I honestly don't know about this issue to challenge Mr. Grunwald on any of his facts. So I'm willing to accept that we have more green jobs now, and that that's Obama's doing. I'll even grant that this was the most we could expect any president to do on the environment, given the economy and everything else going on. All of that seems reasonable enough, and Mr. Grunwald's the one putting himself out there as an authority on this. But does that earn Obama a pass on not talking about the economy?

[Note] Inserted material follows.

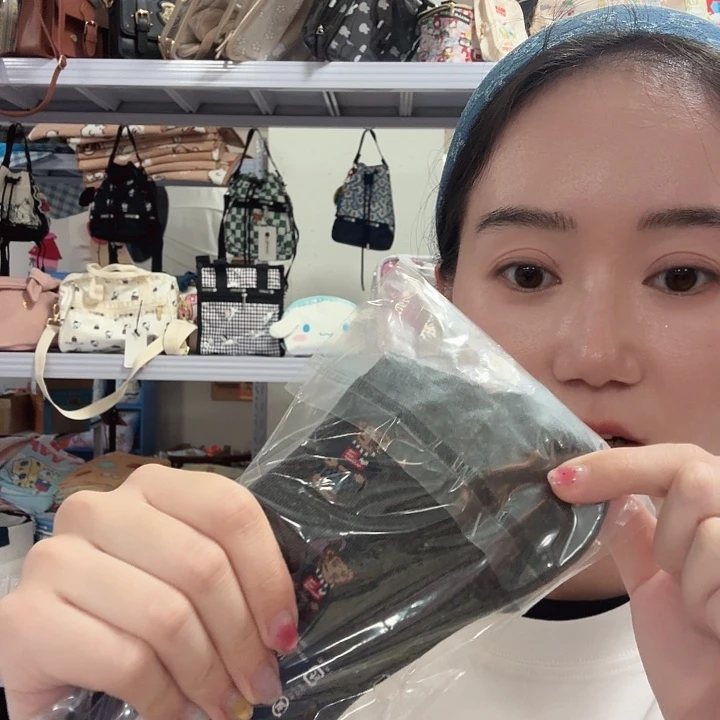 PU箱包收纳箱等物品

I'm not so sure. I know people have different priorities, different issues they care about. But I tend to think the president is supposed to be a communicator-in-chief - even more than he needs to be a CEO or lawyer or activist. Obviously the practical things matter. All the talk about peace won't change the fact that we're now in yet another quasi-war, that the Patriot Act was extended, and so on. But I think Obama has fallen down on that communication aspect of things. So often I don't know his position or why. That's partly the news industry's bland Dems-say-this-Reps-answer-with-that style of reporting. Partly it's because of forces beyond his control like large portions of the country not being interested in talking or not being able to hear and respect people from outside their neighborhood of the body politic.
And really, that's upsetting. I long for what Jed Bartlett (the West Wing president) once called a "great conversation." If Obama received any sort of a mandate back in 2008, it was for more of that kind of dialogue - and Obama simply hasn't delivered there. He's delivered in other areas, of course, but actions don't make up for a (lack of) words.